Sasker Scheerder: VERSION
 

27.09.2005 - 16.10.2005

An audio-visual research into the nature and codes of reggae culture.
 
Sasker Scheerder is a Rotterdam based sound-related visual artist. His work being often described as a synthesis of western neuroticism and Afro-Caribbean slackness, he now decides to take this serious in a new work for Sub-urban's video lounge, where he will investigate into the nature of reggae culture's appearances in an almost scientific way. Also, you can drink coffee there.

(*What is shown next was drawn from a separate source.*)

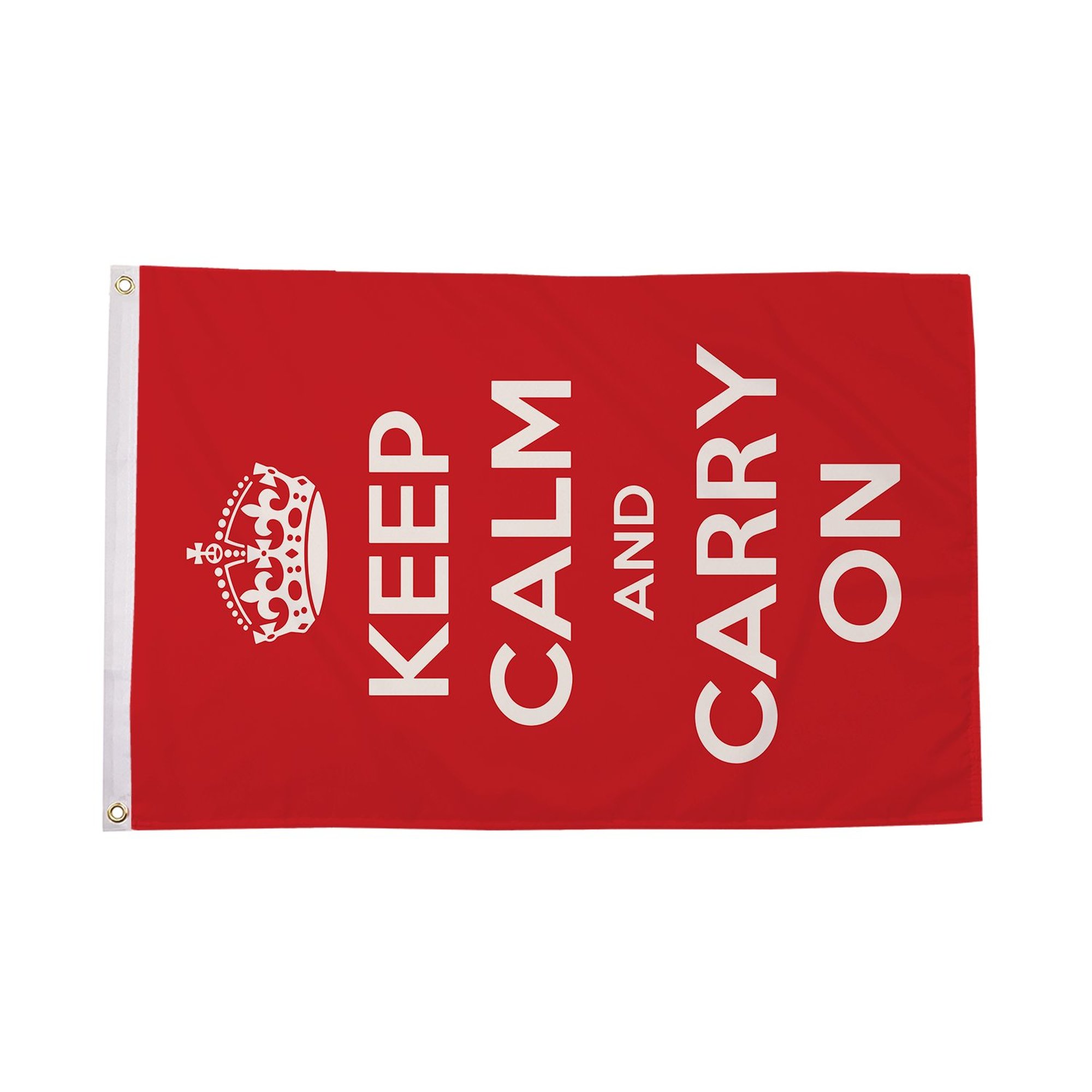 Keep Calm And Carry On (Red) Flag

'Version' refers to dub music where record producers of early ska or soul music started to use defragmented parts from the original recordings, made in the daytime, to build completely new songs and soundscapes from these in the nighttime. The result is called a 'version'. It is the origin of remix culture in its broadest sense. The music is mostly instrumental and usually features heavily processed sound effects and other noises, such as animal sounds, and producers shouting instructions at the musicians. Dub music is strongly related to the Rastafari movement, a religious movement that reveres Haile Selassie I, the former emperor of Ethiopia, as King of Kings, Lord of Lords and the Lion of Judah. The movement emerged in Jamaica among working-class and peasant black people in the early 1930s, arising from an interpretation of Biblical prophecy, black social and political aspirations, and the teachings of their prophet, Jamaican black publicist and organiser Marcus Garvey, whose political and cultural vision helped inspire a new world view.

But nobody told Sasker Scheerder any of this. He is still wondering what all these funny red, yellow and green colours are about. He knows they must mean something.